Exercise goal:
Each line from the one containing "Everything you will" to the last line of the listing below is to be duplicated exactly, and no picture is to be carried over.
--*--
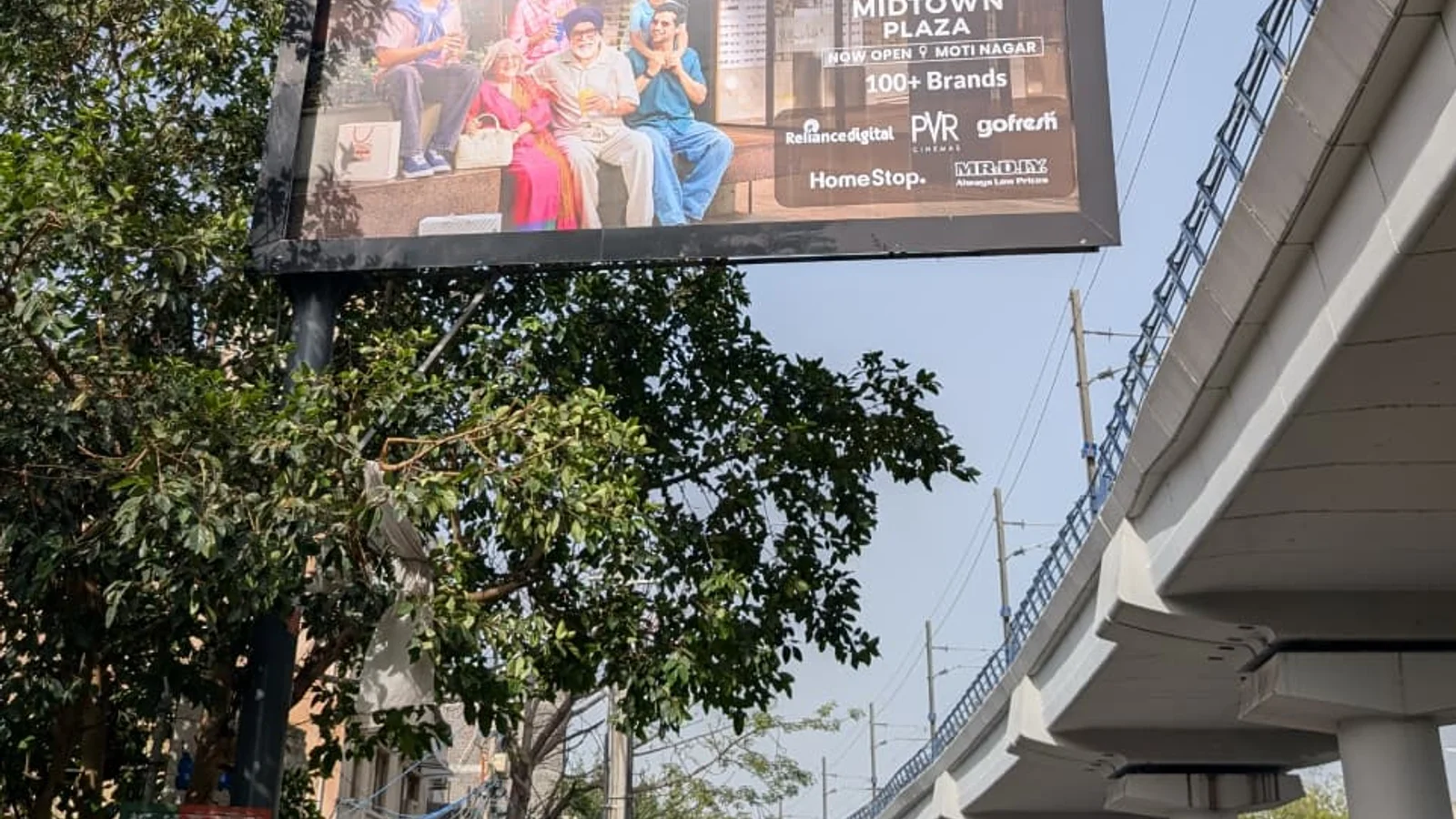 Hoarding — Daya Basti, Delhi — CupShup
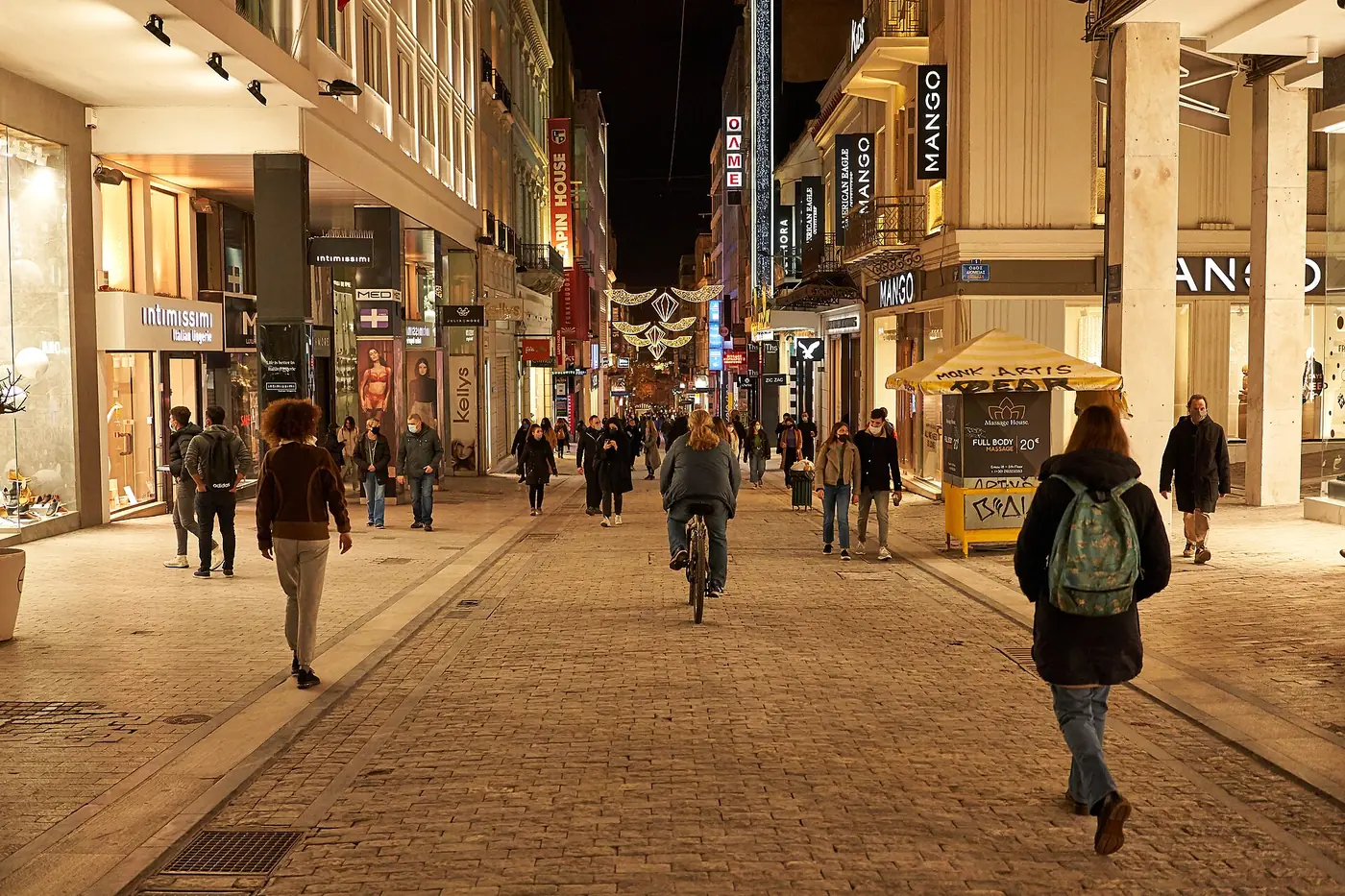 De voetgangersstraat Ermou ’s avonds met verlichte etalages en decoratieve lichten boven de voorbijgangers
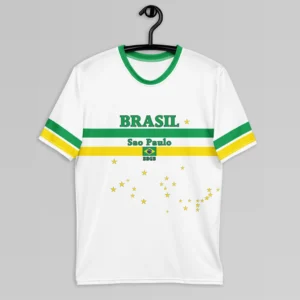 The frontside of the Sao Paulo Brasil Luxurious Tee, with a green collar, green and yellow sleeve stripes, and green and yellow bands on the front.. The words "Brasil" and "Sao Paulo" are above and below the green band. The Brazilian Flag is in the center of the yellow band. "BBGB" is beneath the flag. Stars are scattered on the shirt in the pattern similar to the Brazilian flag. The shirt is on a hanger.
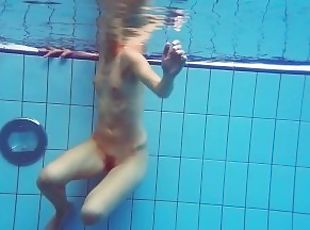 Beautiful ginger hairy pussy underwater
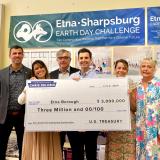 A photo of Congressman Deluzio and local leaders holding a large federal check for $3 million for the Etna Center for Community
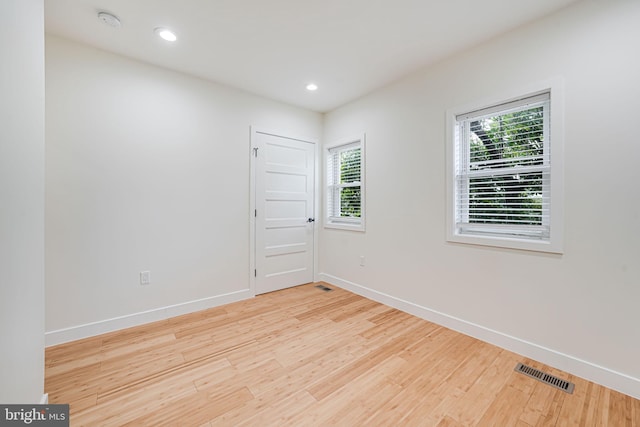 1621 Lyman Pl NE, Washington, DC 20002 - empty room with wood finished floors, baseboards, a smoke detector, and recessed lighting
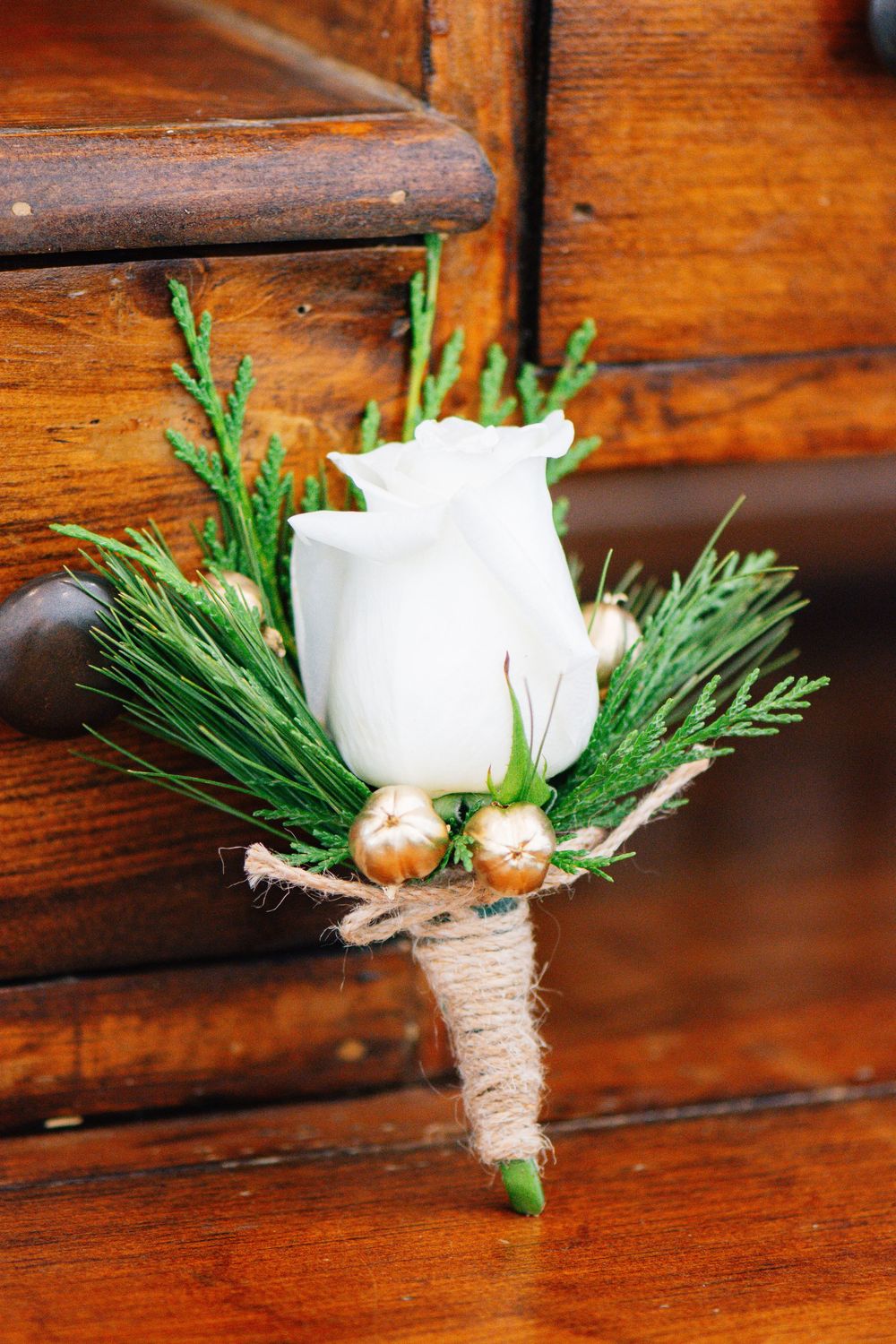 White rose boutonnieres with greenery and twine wrap displayed on wooden surface.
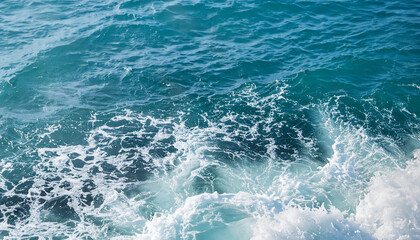 Background shot of aqua sea water surface with foam and copy space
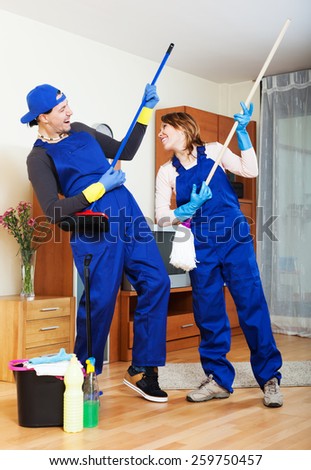 Smiling cleaning team in uniform is ready to work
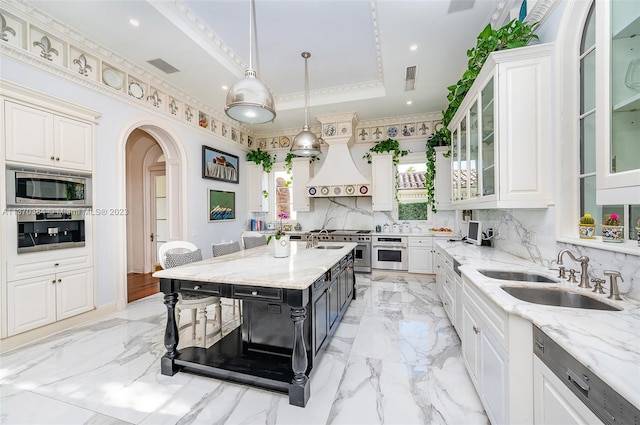 kitchen featuring white cabinetry, sink, stainless steel appliances, a raised ceiling, and tasteful backsplash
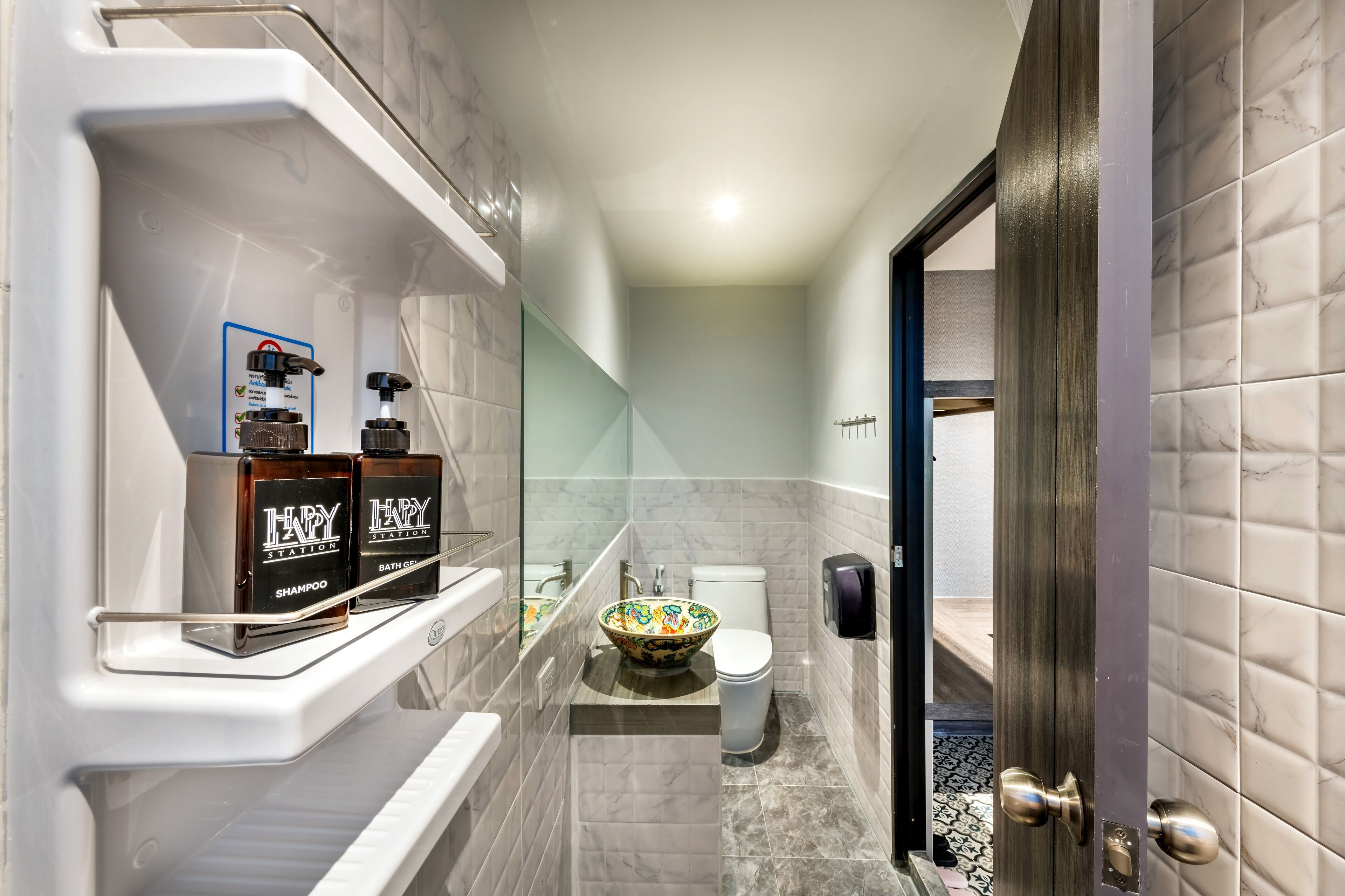 A modern bathroom with a bathtub, a toilet, and a sink. There are two bottles of shampoo and a soap dispenser on the shelf.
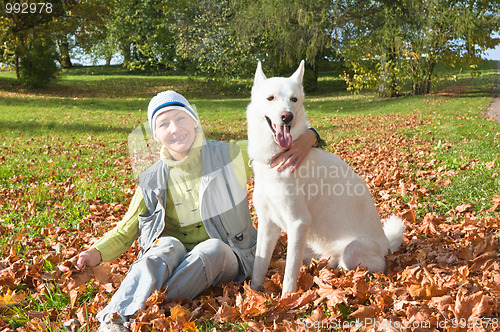 Image of The woman with a white dog in autumn park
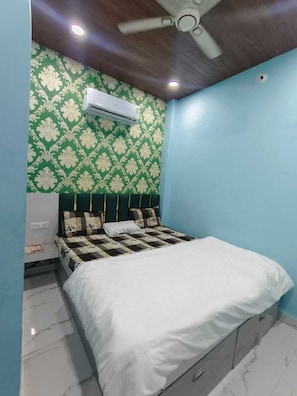 A bedroom with a bed, a ceiling fan, an air conditioning unit, and patterned wallpaper.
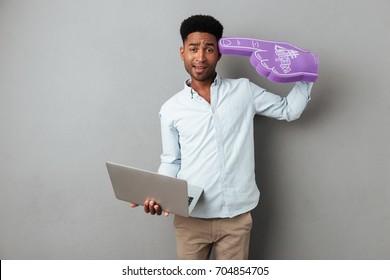 Frustrated Confused African Man Holding Laptop Computer And Wearing Foam Finger Isolated Over Gray Background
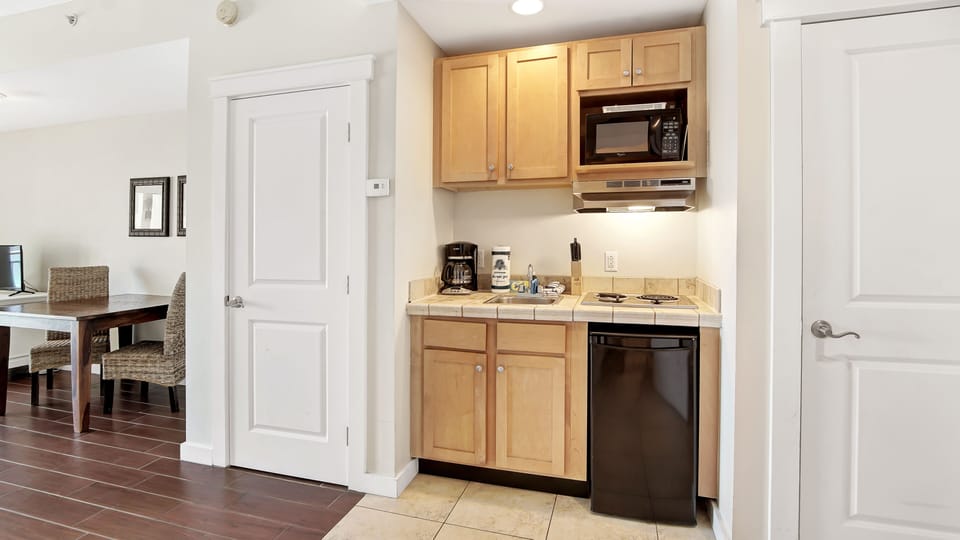 Everything you will need to make some quick meals including a microwave, stove top, coffee pot, cooking + eating utensils!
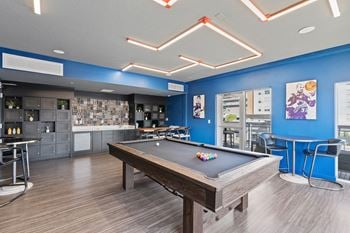 A pool table is in the middle of a room with a blue wall.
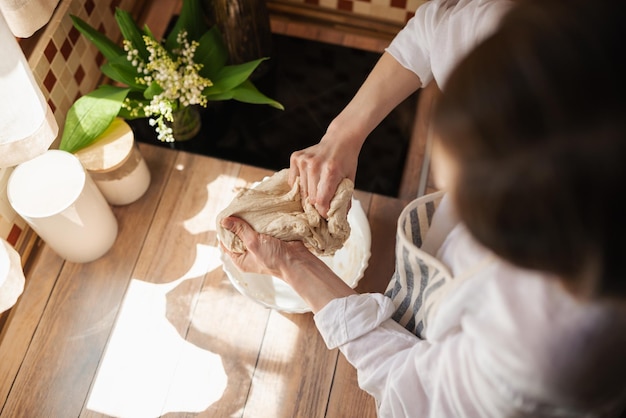 写真 自家製パンを焼くために生地を徹底的にこねる女の子ホステスのトップダウンショット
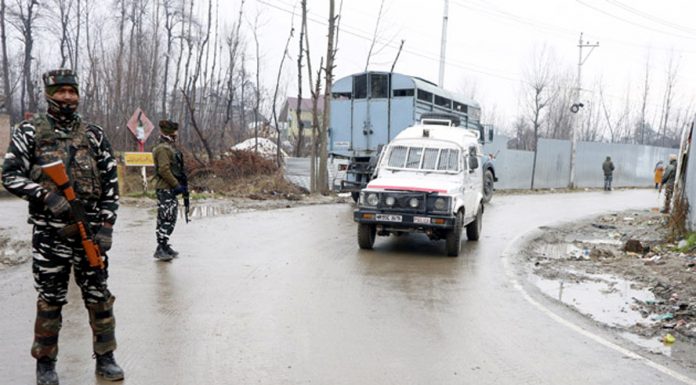 Security forces stand guard near encounter site at Chadoora in Budgam. —Excelsior/Shakeel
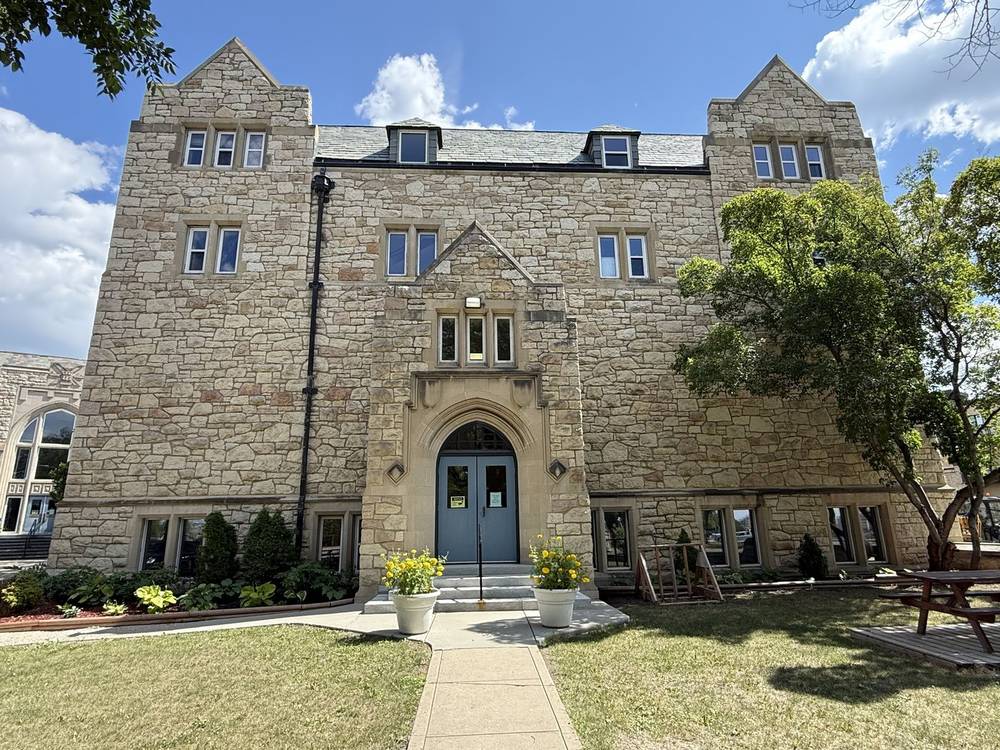 The stone entrance of the St. Andrew's Building on College Drive, where Studio 12 East is located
--*--
Written response:
 Everything you will need to make some quick meals including a microwave, stove top, coffee pot, cooking + eating utensils!
 A pool table is in the middle of a room with a blue wall.
 写真 自家製パンを焼くために生地を徹底的にこねる女の子ホステスのトップダウンショット
 Security forces stand guard near encounter site at Chadoora in Budgam. —Excelsior/Shakeel
 The stone entrance of the St. Andrew's Building on College Drive, where Studio 12 East is located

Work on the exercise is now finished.